2. Impermanence. The idea that nothing lasts forever — impermanence — stands as an important Buddhist teaching, especially if a breakup commences. At times, we may have the tendency to become too attached to things — to people, to places and to events. Recognizing the impermanence of things may “soften the blow,” sort to speak, and allow us to come to terms with a loss in the context of a breakup or otherwise.
3. Nonviolence. In this respect, nonviolence does not only apply to angry, physical acts of violence, but also to acts of emotional or psychological violence. The Buddhist concept of nonviolence invites us to use restraint in speech, if we are, for example, engaged in an argument with our significant other or, say, unable to reach a peaceful resolution to a problem. Nonviolence is a key concept — that is, it challenges us to remain peaceful and calm and mindful.
4. The Four Noble Truths. According to Buddhism, life, at its core, contains suffering. Acknowledging this holds as the first step toward obtaining enlightenment. The Four Noble Truths explore this in more detail. And, let’s face it: interpersonal, romantic relationships can cause major suffering. Awareness of that suffering persists as an important way to combat it.

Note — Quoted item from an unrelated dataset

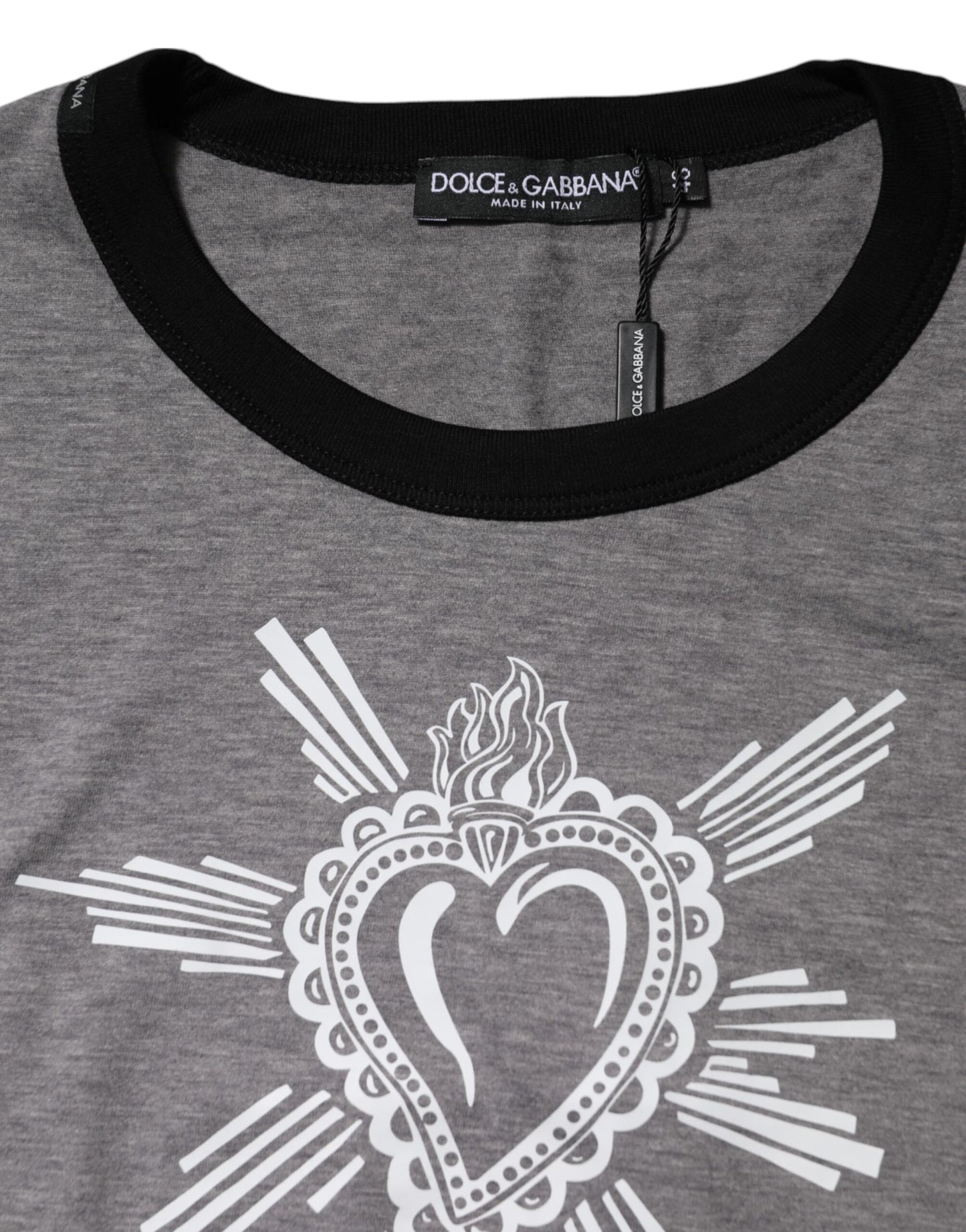 Gray Sacred Heart Cotton Crew Neck T-shirt-Dolce & Gabbana-LabelTerrace.com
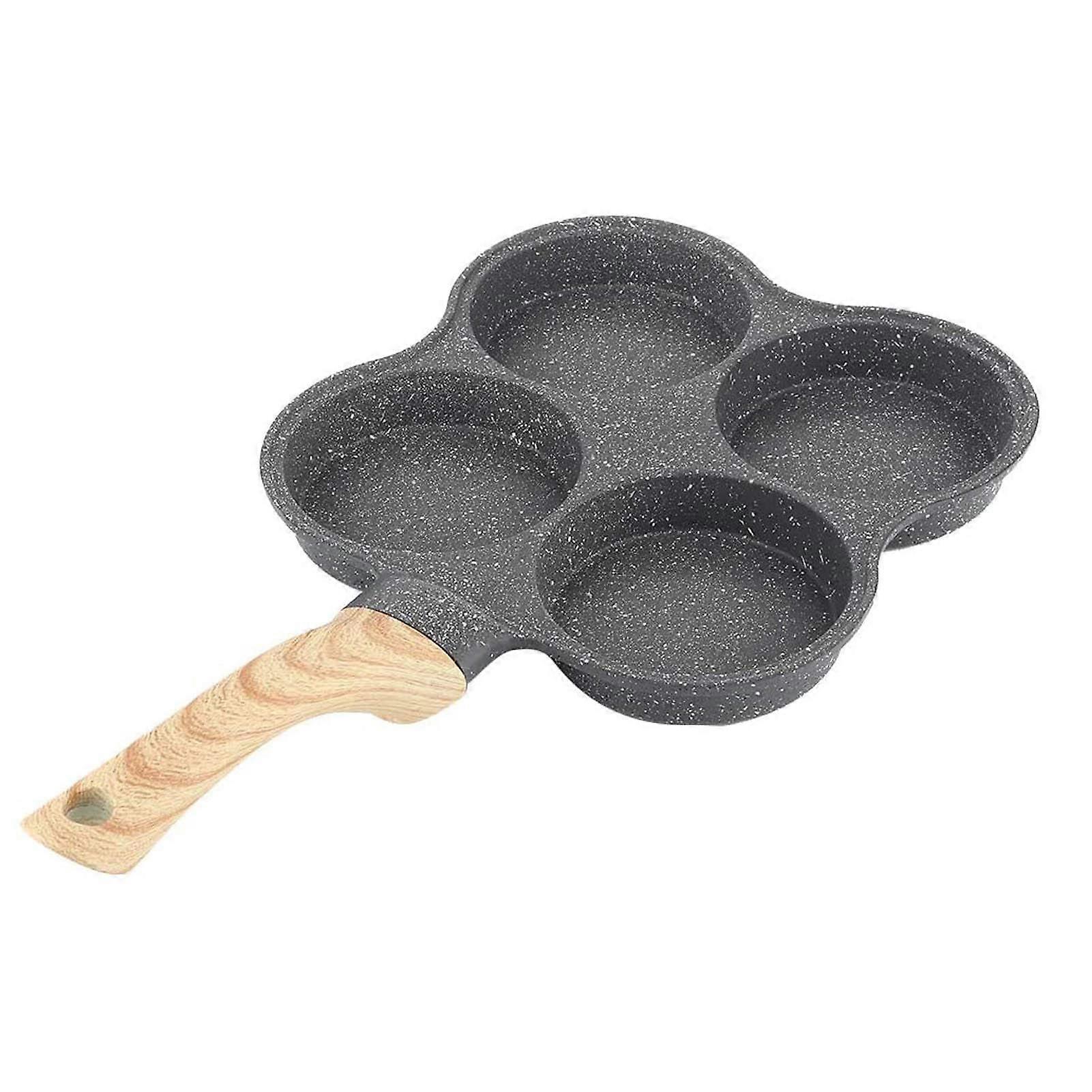 4-Hole Non-Stick Egg Frying Pan with Maifan Stone Coating, Compatible with All Heat Sources, 4-Cup Pancake Maker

5. The Bodhisattva. In his book “The Art of Happiness,” His Holiness the Dalai Lama expands more on the concept of the Bodhisattva, defining it as “awakening warrior” or “one who, out of love and compassion, has obtained a mental state characterized by the genuine aspiration to attain full enlightenment in order to benefit all beings.” Becoming a “relationship Bodhisattva,” one who seeks an enlightened state for the benefit of their significant other and others, remains important.